The former Archbishop of Canterbury defended a controversial speech yesterday after criticism from Muslims.

The former Archbishop of Canterbury defended a controversial speech yesterday after criticism from Muslims.

Lord Carey cited suicide bombers, Islam's "resistance" to modernity and the authoritarian regimes of some of its societies in a lecture he gave in Rome. He said Islamic societies had contributed little to world culture for hundreds of years.

The former Church of England leader said Islamic countries were often led by people who rose to power "at the point of a gun" and he accused its leaders of not doing enough to condemn suicide bombers.

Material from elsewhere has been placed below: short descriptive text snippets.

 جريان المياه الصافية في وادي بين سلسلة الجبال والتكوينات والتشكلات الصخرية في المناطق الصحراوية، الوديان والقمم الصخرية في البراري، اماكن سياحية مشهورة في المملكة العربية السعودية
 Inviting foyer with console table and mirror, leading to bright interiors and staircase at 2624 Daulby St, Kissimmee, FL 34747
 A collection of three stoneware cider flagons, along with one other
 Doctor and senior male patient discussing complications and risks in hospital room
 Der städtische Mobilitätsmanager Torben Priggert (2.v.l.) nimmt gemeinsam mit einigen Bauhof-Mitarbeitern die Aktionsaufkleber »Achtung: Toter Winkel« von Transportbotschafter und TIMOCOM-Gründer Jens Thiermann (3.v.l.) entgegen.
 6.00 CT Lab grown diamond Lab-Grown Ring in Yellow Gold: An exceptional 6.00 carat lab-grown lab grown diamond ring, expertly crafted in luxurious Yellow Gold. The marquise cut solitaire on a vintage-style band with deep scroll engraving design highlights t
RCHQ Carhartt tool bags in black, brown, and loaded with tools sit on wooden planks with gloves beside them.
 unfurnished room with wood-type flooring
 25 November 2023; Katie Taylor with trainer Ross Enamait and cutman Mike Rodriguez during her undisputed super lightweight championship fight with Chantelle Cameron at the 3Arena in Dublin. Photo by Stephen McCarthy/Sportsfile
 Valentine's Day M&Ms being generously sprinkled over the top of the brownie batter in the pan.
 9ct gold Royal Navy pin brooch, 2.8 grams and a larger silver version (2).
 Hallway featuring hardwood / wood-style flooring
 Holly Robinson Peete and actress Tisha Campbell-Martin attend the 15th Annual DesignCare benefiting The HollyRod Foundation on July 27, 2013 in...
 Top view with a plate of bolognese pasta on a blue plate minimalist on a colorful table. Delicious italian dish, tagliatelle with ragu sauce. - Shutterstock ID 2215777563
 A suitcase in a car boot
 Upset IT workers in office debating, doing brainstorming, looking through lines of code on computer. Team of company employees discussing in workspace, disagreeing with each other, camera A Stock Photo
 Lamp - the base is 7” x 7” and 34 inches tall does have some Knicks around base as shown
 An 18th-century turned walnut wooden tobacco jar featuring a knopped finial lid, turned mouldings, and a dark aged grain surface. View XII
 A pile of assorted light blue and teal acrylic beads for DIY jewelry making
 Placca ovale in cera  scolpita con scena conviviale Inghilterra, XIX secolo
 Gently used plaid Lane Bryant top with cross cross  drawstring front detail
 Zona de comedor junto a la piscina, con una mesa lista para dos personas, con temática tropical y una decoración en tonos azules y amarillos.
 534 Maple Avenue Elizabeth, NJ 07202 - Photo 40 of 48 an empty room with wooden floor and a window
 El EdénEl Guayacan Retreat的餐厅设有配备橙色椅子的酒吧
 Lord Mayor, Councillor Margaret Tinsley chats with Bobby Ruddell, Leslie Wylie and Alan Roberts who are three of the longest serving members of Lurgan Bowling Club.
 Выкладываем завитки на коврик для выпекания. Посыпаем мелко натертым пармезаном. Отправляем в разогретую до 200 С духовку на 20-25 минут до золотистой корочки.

After the lecture, on the eve of a Christian-Muslim seminar, he was accused of "recycling" old religious prejudices by Muslim leaders in the UK, but Lord Carey defended his speech on BBC Radio 4's The World at One programme. "It is meant to provoke a reaction. I look at the West and Christianity and am equally critical," he said.

"I think that a person looking objectively at the entire speech will see there's a balance there. To twist it as an attack on the Islamic world would be far too simplistic and it does suggest how polarised the world is at present. The positive is that I believe we can do more together: two great faiths, Christianity and Islam, working together against extremists."

Iqbal Sacranie, secretary general of the Muslim Council of Britain, was swift to dismiss the comments."In his myopic vision of the Middle East, Lord Carey shows little understanding of the role of Western powers in propping up regimes all over the world."

Manzoor Moghal, chairman of the Federation of Muslim Organisations in Leicester, said: "The archbishop has got it wrong. We condemn suicide bombers, we go on radio, on television, we have made statements. What more can we do? We cannot be responsible for the criminal actions of others."